Now, ten years after the release of Mass Effect, Mass Effect: Andromeda is out and the reception is less than stellar.  On Metacritic, where reviewers and gamers rarely agree, the game has a critical score of about 77 out of 100 (as of this writing) and right about 4 out of 10 with gamers.  It’s being criticized for everything from bad animation, rehashing of dated mechanics, and poorly developed story.  A couple of reviewers whose opinion I trust give their initial reactions as a mediocre installment at best.

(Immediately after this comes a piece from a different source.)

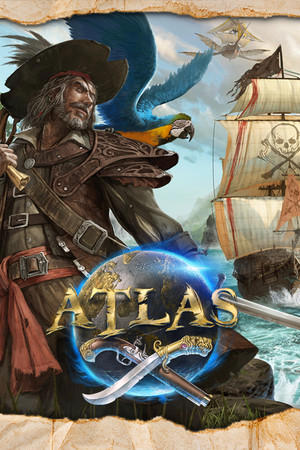 ATLAS cover art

While much of the criticism is without a doubt justified, some few have gone beyond that.  You can’t really go on Twitter without seeing memes, gifs, and screencaps of the bad animations in the game.  That’s all normal for something like this.  What isn’t normal are the people going after one animator that doesn’t even seem to work for Bioware any longer.  Whether she was involved is a matter of debate, but targeting one person on a team for actual harassment isn’t acceptable at all.  Linking them here would be pointless, but if you look, you’ll find a couple of amateur trash bloggers out there with some pretty terrible pieces on the subject.

Then came the defenders to stir the pot and make it worse.  Articles coming out blaming whole swaths of gamers for the harassment, which is completely untrue.  Commentators and games media saying you should support the developer by buying the game and so on.  People defending the game out of pure righteous indignation because of the negative feedback.

All the drama boils down to this.  A lot of people dislike a mediocre game.  A few people have decided to be jerks about it.  A few other people have decided to defend it with large sums of money.  All of it over a game that doesn’t appear to be up to the standards of the franchise.  All this drama, over nothing really.  The worst part is, I can see this eventually becoming the next big marketing ploy.  Crank out a lackluster game, get some bad coverage, stage some harassment or drama, signal the defenders, cash the checks.  We all know publishers aren’t above some seriously low garbage to sell games and get good reviews.  This is well within the realm of possibility.

So, if we want better games, stop buying bad ones for stupid reasons.  Don’t harass developers because they didn’t do a good job on a game.  Stop letting the media blow things out of proportion or convince you to throw your money after bad ideas.  And for Gods’ sake, play some decent games.  I hear Neir Automata is good.

All Bound Up: Art, Pornography, and “Ladykiller in a Bind”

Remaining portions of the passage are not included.